The second component is static visualization. Two static visualization methods are included:
- A 2-dimensional representation of all data partitions produced by each algorithm during the hierarchical procedure. The objective is to provide the user with insight into each node of the clustering tree and, by extension, each step of the algorithm’s execution.
- A dendrogram depicts the divisions of all algorithms that divide. The SciPy package generates the dendrogram figure, which is fully parameterized as stated in the library.
The third and final component is Interactive Visualization. In the interactive mode, we offer the ability to manipulate the algorithms in stages. The user can select a specific step (node of the tree) and manipulate the split point on top of a two-dimensional visualization to alter the clustering result in real-time. Each modification causes the algorithm to restart from that point on, reorganizing the subtree of the modified node.
Finally, the package above, as it is natural, exists in a repository which, within the conference, is an essential part of our presentation. The repository is structured as a typical Python package. In terms of the folder tree structure with the source, documentation, and test folders, it also contains a README.md, LICENSE, and additional build information files (requirements.txt, setup.py, etc.).

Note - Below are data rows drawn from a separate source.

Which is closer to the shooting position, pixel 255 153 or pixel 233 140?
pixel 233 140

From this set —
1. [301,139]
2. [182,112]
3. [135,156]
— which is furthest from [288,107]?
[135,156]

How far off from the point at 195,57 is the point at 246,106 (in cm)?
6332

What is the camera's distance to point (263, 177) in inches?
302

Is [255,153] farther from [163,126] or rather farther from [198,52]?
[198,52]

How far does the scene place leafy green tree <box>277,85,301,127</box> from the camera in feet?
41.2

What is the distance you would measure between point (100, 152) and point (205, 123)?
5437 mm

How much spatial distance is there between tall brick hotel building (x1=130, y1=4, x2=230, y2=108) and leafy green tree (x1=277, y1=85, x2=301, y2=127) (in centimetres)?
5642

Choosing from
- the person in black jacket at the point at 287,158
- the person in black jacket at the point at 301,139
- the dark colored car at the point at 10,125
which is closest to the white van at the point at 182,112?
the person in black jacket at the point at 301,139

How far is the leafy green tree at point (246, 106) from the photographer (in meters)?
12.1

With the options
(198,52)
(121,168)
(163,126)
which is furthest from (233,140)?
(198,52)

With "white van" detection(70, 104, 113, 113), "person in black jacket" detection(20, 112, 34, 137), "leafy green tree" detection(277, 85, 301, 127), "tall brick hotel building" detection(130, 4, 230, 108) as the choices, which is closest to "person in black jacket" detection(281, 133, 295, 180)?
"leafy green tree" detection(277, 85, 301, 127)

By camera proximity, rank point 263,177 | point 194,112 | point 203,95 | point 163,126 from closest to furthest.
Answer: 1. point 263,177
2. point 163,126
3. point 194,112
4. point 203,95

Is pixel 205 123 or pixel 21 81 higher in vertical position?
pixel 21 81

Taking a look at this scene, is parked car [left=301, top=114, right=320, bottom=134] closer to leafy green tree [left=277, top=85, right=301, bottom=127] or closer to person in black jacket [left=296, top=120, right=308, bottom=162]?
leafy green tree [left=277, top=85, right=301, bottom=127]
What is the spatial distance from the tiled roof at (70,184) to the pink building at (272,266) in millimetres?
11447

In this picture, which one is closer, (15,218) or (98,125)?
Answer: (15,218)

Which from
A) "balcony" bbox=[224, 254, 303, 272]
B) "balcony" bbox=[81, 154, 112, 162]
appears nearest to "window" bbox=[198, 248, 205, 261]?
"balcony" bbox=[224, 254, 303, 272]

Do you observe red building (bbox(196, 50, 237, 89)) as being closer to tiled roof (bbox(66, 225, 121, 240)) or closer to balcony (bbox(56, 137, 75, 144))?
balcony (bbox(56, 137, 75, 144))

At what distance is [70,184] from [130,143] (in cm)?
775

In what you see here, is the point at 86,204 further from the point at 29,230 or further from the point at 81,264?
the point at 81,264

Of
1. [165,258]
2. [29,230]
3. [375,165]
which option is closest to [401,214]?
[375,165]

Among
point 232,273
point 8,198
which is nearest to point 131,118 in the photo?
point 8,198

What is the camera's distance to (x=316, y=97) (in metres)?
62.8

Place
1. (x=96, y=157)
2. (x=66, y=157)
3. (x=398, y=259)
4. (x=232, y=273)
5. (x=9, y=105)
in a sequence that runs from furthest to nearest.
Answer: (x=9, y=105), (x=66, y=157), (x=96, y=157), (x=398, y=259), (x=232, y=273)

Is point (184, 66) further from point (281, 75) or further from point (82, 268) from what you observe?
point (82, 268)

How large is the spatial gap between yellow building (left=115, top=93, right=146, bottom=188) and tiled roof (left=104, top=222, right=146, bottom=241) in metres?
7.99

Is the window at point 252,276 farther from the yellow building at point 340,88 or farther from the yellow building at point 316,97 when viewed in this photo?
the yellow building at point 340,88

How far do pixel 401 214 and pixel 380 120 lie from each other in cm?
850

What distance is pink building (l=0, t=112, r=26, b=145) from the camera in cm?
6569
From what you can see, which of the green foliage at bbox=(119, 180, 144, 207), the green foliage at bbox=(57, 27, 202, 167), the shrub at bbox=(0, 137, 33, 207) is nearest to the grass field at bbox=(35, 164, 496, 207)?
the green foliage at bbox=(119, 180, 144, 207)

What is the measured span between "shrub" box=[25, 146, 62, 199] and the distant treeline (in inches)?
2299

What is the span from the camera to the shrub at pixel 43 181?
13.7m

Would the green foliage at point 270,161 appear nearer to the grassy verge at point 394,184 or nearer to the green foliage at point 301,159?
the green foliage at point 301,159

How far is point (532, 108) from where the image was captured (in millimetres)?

Furthermore, there are several files for the configuration of all the added functionality needed in a package. Starting with the workflows for the assurance of the continuous integration of the package and the automatic deployment of the package with a new release. They are followed by a list of files for the configuration of non-essential for the project but good practice utilities, such as codecov test coverage validator and codacy code quality tester. These utilities are the assurance of the code quality of a repository that a journal can accept.
Also, as good practice, the repository contains a folder with the experimental procedure used for the results published in the manuscript. The repeatability of research results is essential for the validation of research.
Finally, the package’s code is separated into manageable and subject-specific modules PEP8 compiled. This means that the final form of the source code is extensively checked for formatting errors. The code is divided into four major pieces, three of them in accordance with HiPart’s description: the algorithm execution, the static visualization part, and the interactive visualization part. The final part of the utility functions of the package houses utilities for the entire package.
Mr. Panagiotis Anagnostou since December of 2019 is a Ph.D. Candidate at the Department of Computer Science and Biomedical Informatics of the University of Thessaly in Greece with subject “Design and implementation of machine learning algorithms and user interface tools at the field of biomedicine”. Previously he have received a Diploma degree in Computer Science from the University of Patras, Greece, in 2019. In his current position he has served as a Teaching assistant for the courses “Analysis and big data mining at medicine and biology” and “Computer science and computational biomedicine” of the Interdepartmental Postgraduate Program “Computer science and computational biomedicine” of the University of Thessaly’s School of Science, academic year 2019-22. Prior to that he has been a Laboratory Assistant for the course of Digital Electronics at the Department of Computer Engineering and Informatics of the University of Patras, academic year 2016-17. He has served as researcher on the research project “Advanced personalized, multi-scale computer models preventing OsteoArthritis”, funded by European Community’s H2020 Program, under grant agreement Nr. 777159, for the year 2020-2021. His research interests lie within the fields of Machine Learning, Big Data Mining and Big Data Applications.